The place I grew up was not exactly the suburbs, more like some post-industrial small city out of a Springsteen song. Nonetheless, there’s something about Arcade Fire’s new album that I find affectively striking. This is because the titular “suburbs” are not an actual place—though, sadly, they are also that—but something like the condition of possibility for contemporary North American existence. It is in this sense, I think, that we can speak of the political character of The Suburbs. They have made an album that is not “realist” so much as an encounter with that which enables what we call reality—the feelings, the patterns of thought, the capacities of sense that one cannot avoid encountering.
What is intriguing about this effort is its refusal to name an enemy. This doesn’t mean antagonism is lacking. On the contrary, there is antagonism throughout, but it is an antagonism that doesn’t settle, that doesn’t satisfy itself with having named the enemy. It would be more accurate, today, to say that the enemy is that which allows us to name our enemy and thus to reach satisfaction. Such gestures are mocked throughout this album, perhaps above all on “Rococo”: “They seem wild but they are so tame.” And elsewhere: “All the kids have always known / That the Emperor wears no clothes / But they bow down to him anyway.” The point, however, is not to be more hard-core than those who are wild only in appearance. The critic is included: “You never trust a millionaire quoting the Sermon on the Mount / I used to think I was not like them but I’m beginning to have my doubts.”

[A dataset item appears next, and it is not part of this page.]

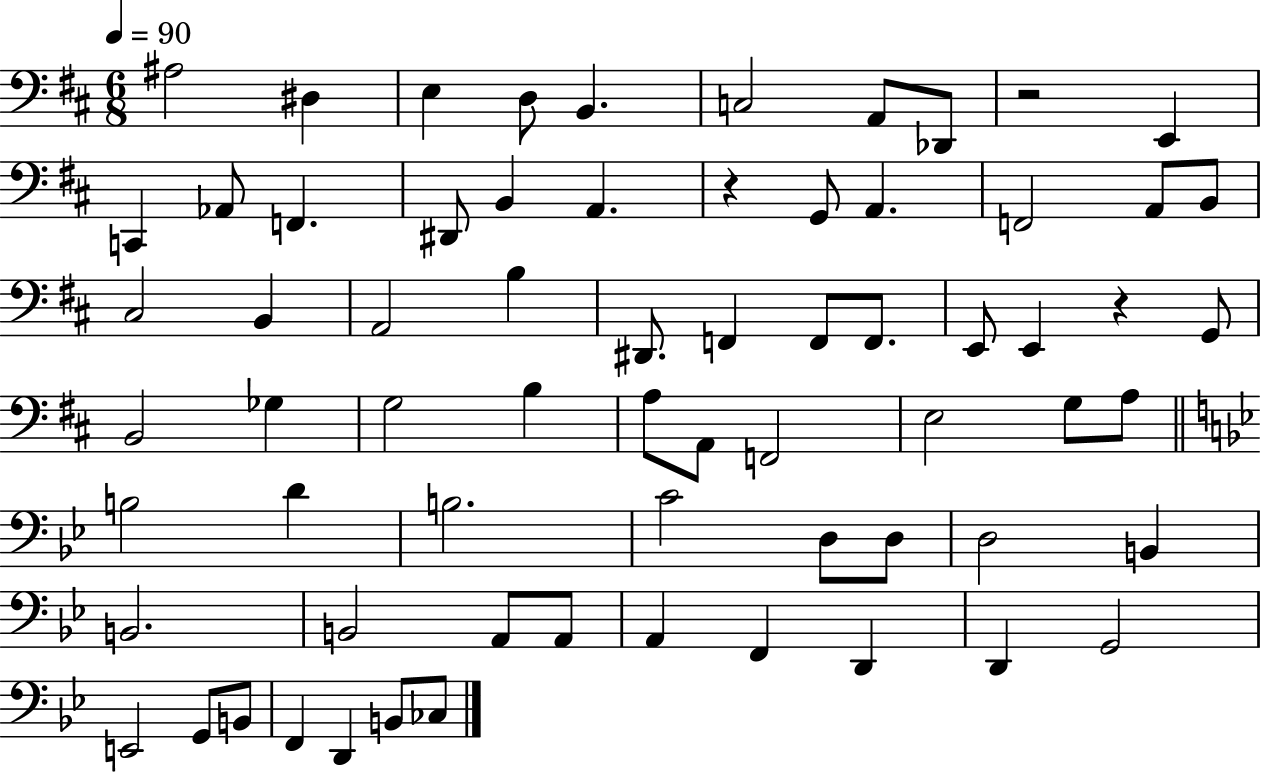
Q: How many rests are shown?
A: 3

What is absent, then, is the sort of celebration of resistance that one finds on Funeral in those calls for children to wake up and never grow up, for us to hide our lovers underneath the covers. Also absent is the self-certain counter-apocalyptic discourse of Neon Bible, which so skillfully tore apart everything that falls under the concept of “Bush,” including celebrity culture and proactive consumerism. There we saw an intense expression of dissent and withdrawal: “I don’t want it faster, I don’t want it free, I don’t want to show you what they done to me / I don’t want to live in my Father’s house no more.” The dissent reached a peak in Neon Bible’s final song, which gnostically longed to become free from the cage of the body.

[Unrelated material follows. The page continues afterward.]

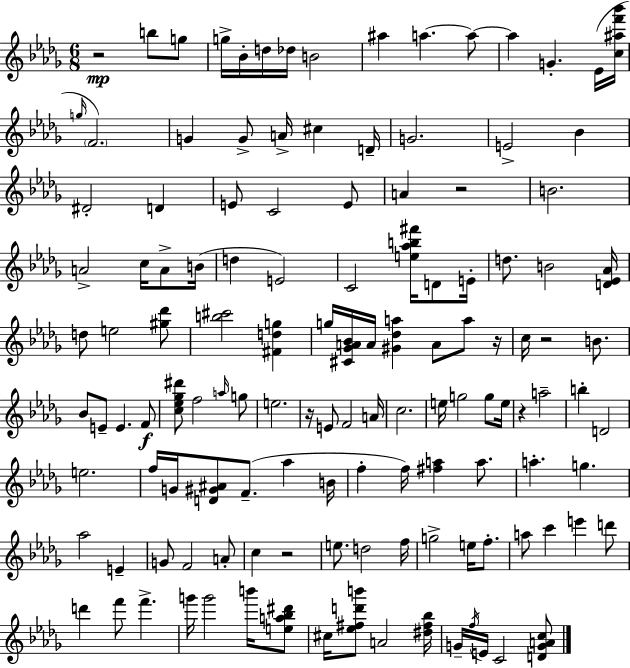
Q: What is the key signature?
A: BES minor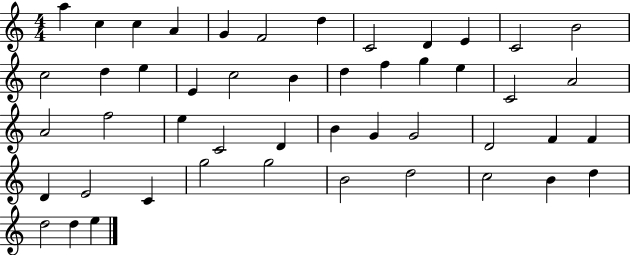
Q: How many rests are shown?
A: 0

This song can be seen as a transition to, or a point of tension preceding, The Suburbs, particularly when the song claims that our age is one that “calls darkness light.” A fair point, perhaps, but one that leads to the same kind of transcendence at work in the age it resists. The Suburbs is without the positive transcendence of Funeral, and also without the negative transcendence of Neon Bible. The fact that The Suburbs must be understood as an album, rather than as an ensemble that includes some outstanding songs—some outstanding objects of affirmation and/or negation—is the aesthetic correlate to this immanentization of antagonism. “Sometimes I wonder if the world’s so small / That we can never get away from the sprawl.” The longing for exteriority and its apparent absence are woven together throughout. There is antagonism, but is diffuse, wandering throughout the album, and this seems fitting insofar as the enemy today is diffuse. Thus the suburbs, thus the sprawl—their objectlessness is the requisite object of antagonism.

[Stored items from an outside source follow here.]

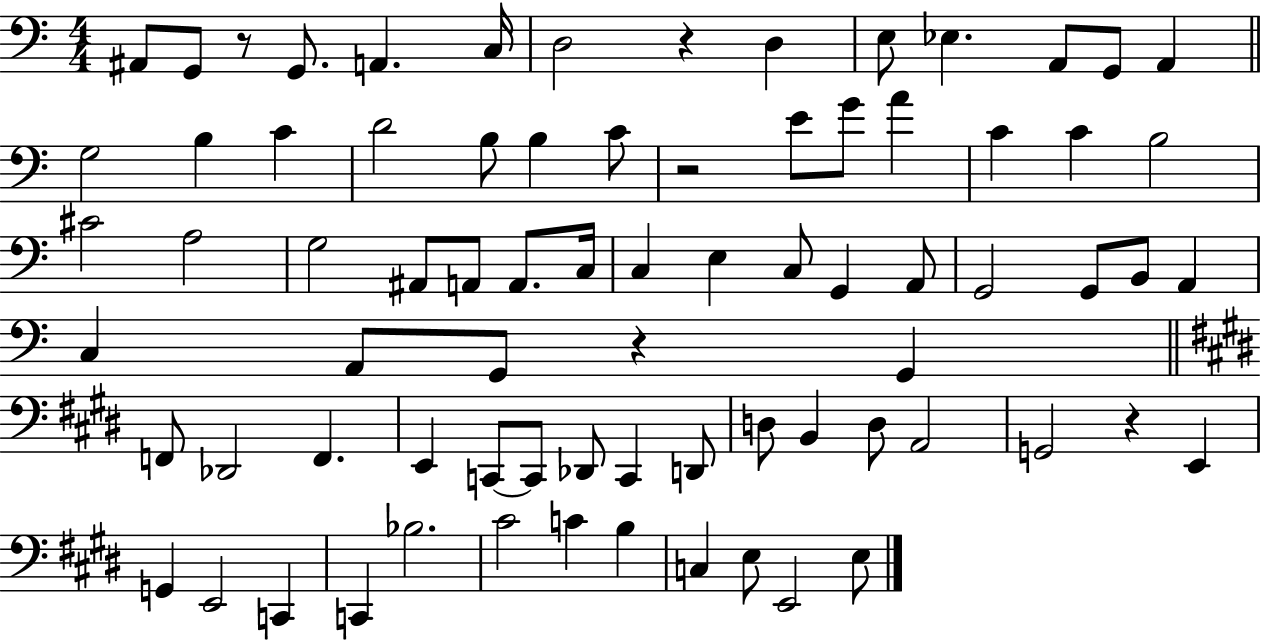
{
  \clef bass
  \numericTimeSignature
  \time 4/4
  \key c \major
  ais,8 g,8 r8 g,8. a,4. c16 | d2 r4 d4 | e8 ees4. a,8 g,8 a,4 | \bar "||" \break \key a \minor g2 b4 c'4 | d'2 b8 b4 c'8 | r2 e'8 g'8 a'4 | c'4 c'4 b2 | \break cis'2 a2 | g2 ais,8 a,8 a,8. c16 | c4 e4 c8 g,4 a,8 | g,2 g,8 b,8 a,4 | \break c4 a,8 g,8 r4 g,4 | \bar "||" \break \key e \major f,8 des,2 f,4. | e,4 c,8~~ c,8 des,8 c,4 d,8 | d8 b,4 d8 a,2 | g,2 r4 e,4 | \break g,4 e,2 c,4 | c,4 bes2. | cis'2 c'4 b4 | c4 e8 e,2 e8 | \break \bar "|."
}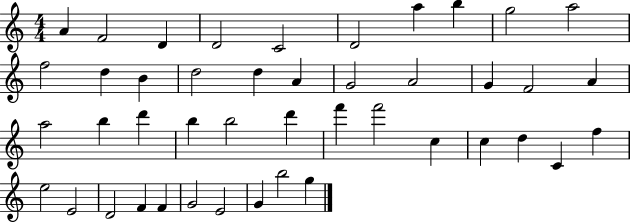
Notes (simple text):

A4/q F4/h D4/q D4/h C4/h D4/h A5/q B5/q G5/h A5/h F5/h D5/q B4/q D5/h D5/q A4/q G4/h A4/h G4/q F4/h A4/q A5/h B5/q D6/q B5/q B5/h D6/q F6/q F6/h C5/q C5/q D5/q C4/q F5/q E5/h E4/h D4/h F4/q F4/q G4/h E4/h G4/q B5/h G5/q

What would it mean to declare war on the suburbs? “First they built the road, then they built the town / That’s why we’re still driving around and around.” What would it mean to declare war on something as deterritorializing as roads? “But you started a war that we can’t win / They keep erasing all the streets we grew up in.” Antagonism becomes aesthetic, or it at least has to go through aesthetics: “Now the music divides us into tribes / You choose your side. I’ll choose my side.” That old Benjaminian demand to counter the aestheticization of the political with the politicization of the aesthetic, it still remains, and the music of The Suburbs responds to it.